If you’re not familiar with Canada Reads, it’s an annual competition on CBC (Canada’s public broadcaster) where 5 Canadian celebrities each pick a Canadian book and then square off against each other to defend their chosen book’s right to be called The Book That Every Canadian Should Read. One book gets voted off at the end of each episode, and the last one standing takes the title. Gotta love a friendly literary battle!

Read more about this year’s Canada Reads lineup here on CBC’s website.

Each year has a theme, and this year’s theme is “one book to change the narrative.” So let’s take a look at the 5 contenders and how I think they will (or should) fare in the competition.

 

Watch Out for Her by Samantha M. Bailey (championed by Olympic swimmer Maggie MacNeil)

I expect this one to be the first to go. To be honest, I’m not sure how or why it made it into the final 5. It’s the first representation of the thriller genre on Canada Reads, but that’s not what my problem with it is. Maggie MacNeil’s main defense is that reading can just be for fun, and that’s absolutely true, but the selections should still fit in with the theme no matter what genre they are. I don’t see how this book will change the narrative, unless the interpretation of “the narrative” is that Canada Reads should just be for literary masterpieces.

The thing is, this isn’t a particularly good thriller. I love thrillers and have read a good number of them, and this is one of the weakest and most predictable ones I’ve read. It also isn’t very Canadian. Maybe it was just the edition I read, but despite the setting switching between Toronto and Vancouver, the spellings and terminology were American. It was like the Canadian setting was an afterthought, and what with the current political climate and all, I found that really annoying. I don’t see how this book could be successfully argued into round 2. (But I love you, Maggie MacNeil!)

 

Jennie’s boy: A Newfoundland Childhood by Wayne Johnston (championed by author Linwood Barclay)

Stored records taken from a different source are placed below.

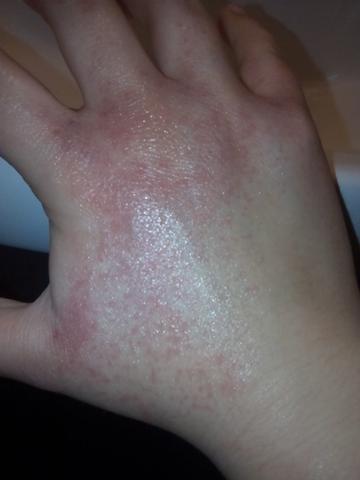 Meine Hand - (Hand, Hautausschlag, gereitzte Haut)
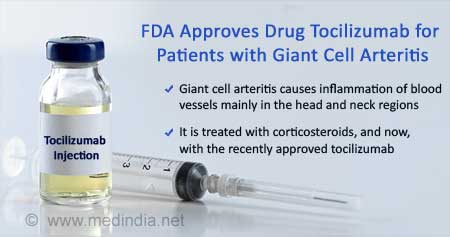 FDA Approved Drug for Giant Cell Arteritis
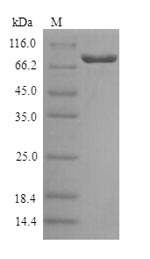 Greater than 90% as determined by SDS-PAGE.Recombinant Human Galactocerebrosidase (GALC) Protein (His)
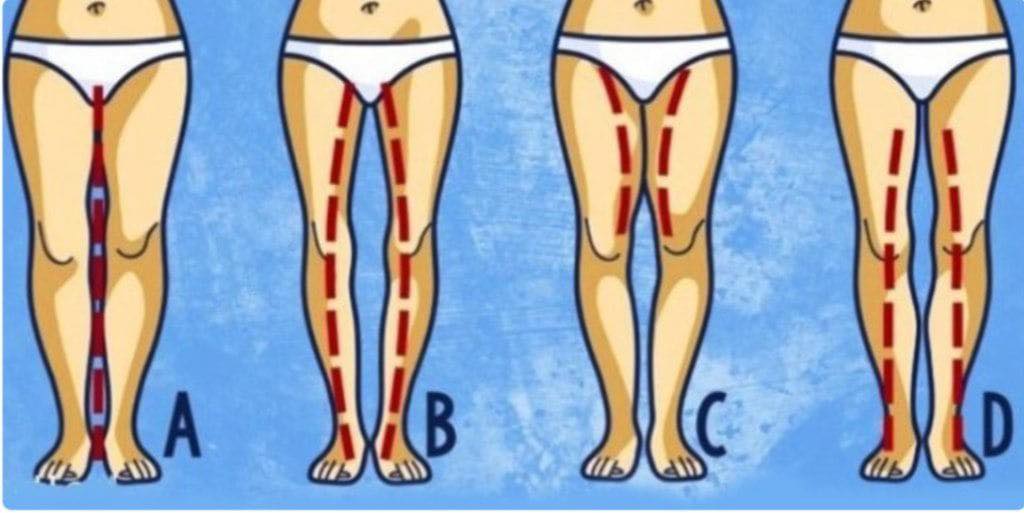 Silent Warnings In Her Legs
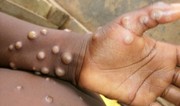 Pakistan reports first Mpox case of 2024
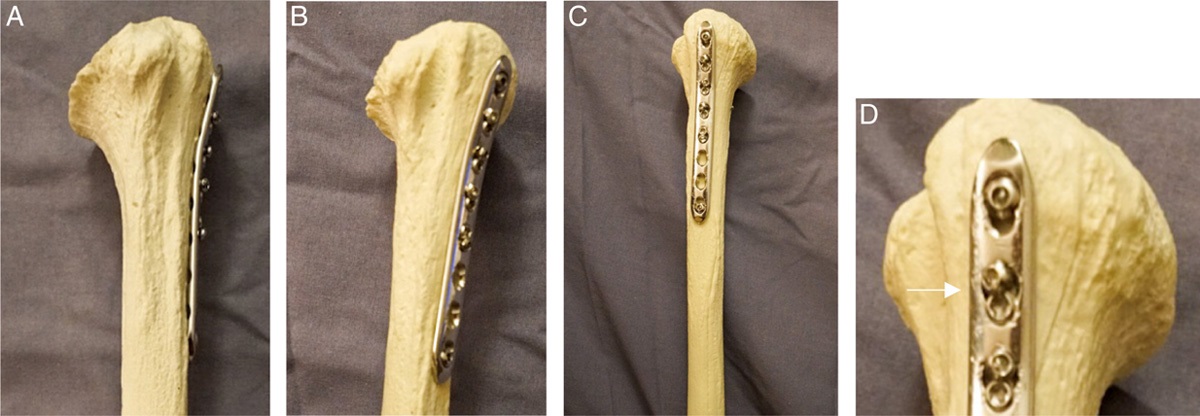 Small Fragment Instrumentation for Periprosthetic Humerus Fracture Fixation Technique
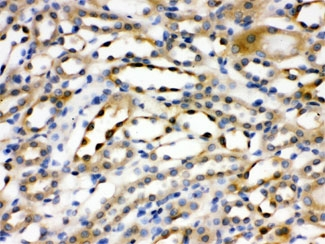 ACTN4 Antibody - IHC testing of FFPE rat kidney with ACTN4 antibody at 1ug/ml. HIER: steam in pH6 citrate buffer and allow to cool prior to staining.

I used to consider myself a huge Wayne Johnston fan, so I was expecting to love this memoir of his childhood. However, that didn’t turn out to be what this book was. It’s more of an in-depth re-enactment of a few months of his childhood in which his chronic illness almost killed him. I was chronically ill as a child and almost died several times, too, so I related to young Wayne’s situation and remembered my own parents and family members having similar conversations to the ones he relates. Sadly, that didn’t make me enjoy this book… in fact, it made it very uncomfortable for me to read at times, and at other times it annoyed me with the repetition of the same scenarios and conversations seemingly happening on a loop. I know from experience that that’s how it feels to be a chronically ill kid, but I feel like there are better ways to write about it.

I suppose the change in the narrative that can be argued here is that it forces the reader to rethink the stereotypes we may have regarding poverty and illness and, well, Newfoundlanders, yet I think an argument could also be made that this book actually reinforces a lot of those stereotypes. I’m interested to see how Linwood Barclay defends this one, but I don’t expect it to be the winner.

 

A Two-Spirit Journey: The Autobiography of a Lesbian Ojibwa-Cree Elder by Ma-Nee Chacaby, with Mary Louisa Plummer (championed by podcaster Shayla Stonechild)

I struggled with this one. Ma-Nee Chacaby has had a turbulent life, and it’s hard to read about at times. I honestly don’t know how she got through the incessant violence she experienced in her younger years. The first half of this book describes one horrific trauma after another after another after another, to the point where I started to experience empathy fatigue and just felt angry. I would imagine that a lot of people wouldn’t be able to get through reading it at all, which is why I don’t think it will (or should) win. However, it certainly does fit the theme of changing the narrative, since there aren’t many autobiographies out there of two-spirit Indigenous Canadians that detail both their hardships and their joys. Also, the second half does get hopeful and inspiring. So I can see this being a contender. It just wouldn’t be my top pick.

 

Etta and Otto and Russell and James by Emma Hooper (championed by actress Michelle Morgan)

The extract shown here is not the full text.